Problem to work on:
With pictures omitted, the line containing "Kanava hímzővászon 20x30" and all later lines of the records below are to be restated word for word.

____________

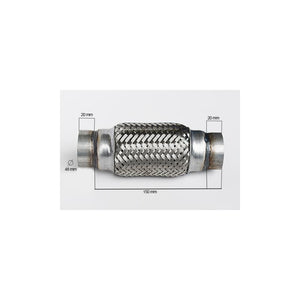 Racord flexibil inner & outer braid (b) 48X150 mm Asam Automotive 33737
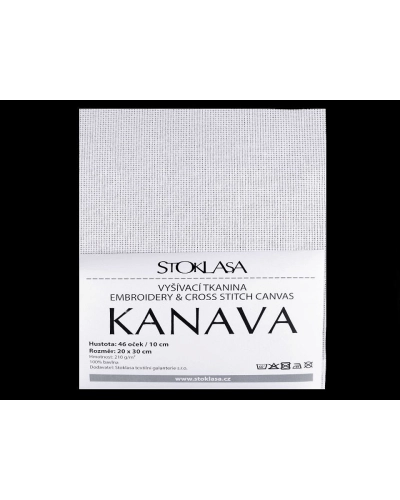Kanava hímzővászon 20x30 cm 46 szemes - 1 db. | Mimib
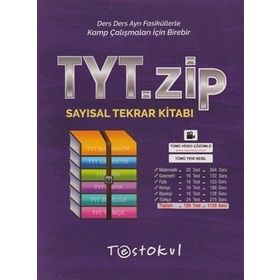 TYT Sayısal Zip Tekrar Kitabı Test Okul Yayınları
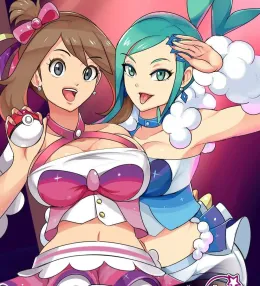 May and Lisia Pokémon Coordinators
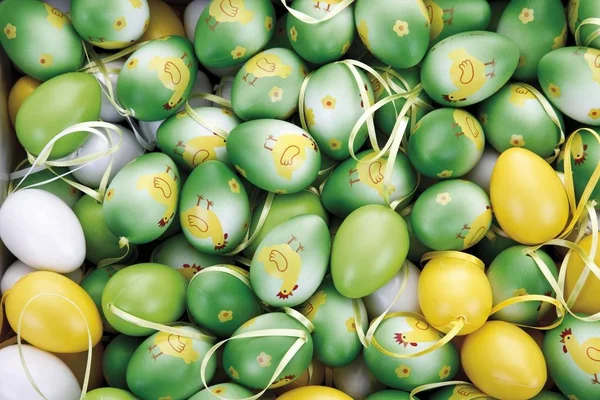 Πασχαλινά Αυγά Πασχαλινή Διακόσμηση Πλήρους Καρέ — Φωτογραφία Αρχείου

____________

Output for this exercise:
Kanava hímzővászon 20x30 cm 46 szemes - 1 db. | Mimib
 TYT Sayısal Zip Tekrar Kitabı Test Okul Yayınları
 May and Lisia Pokémon Coordinators
 Πασχαλινά Αυγά Πασχαλινή Διακόσμηση Πλήρους Καρέ — Φωτογραφία Αρχείου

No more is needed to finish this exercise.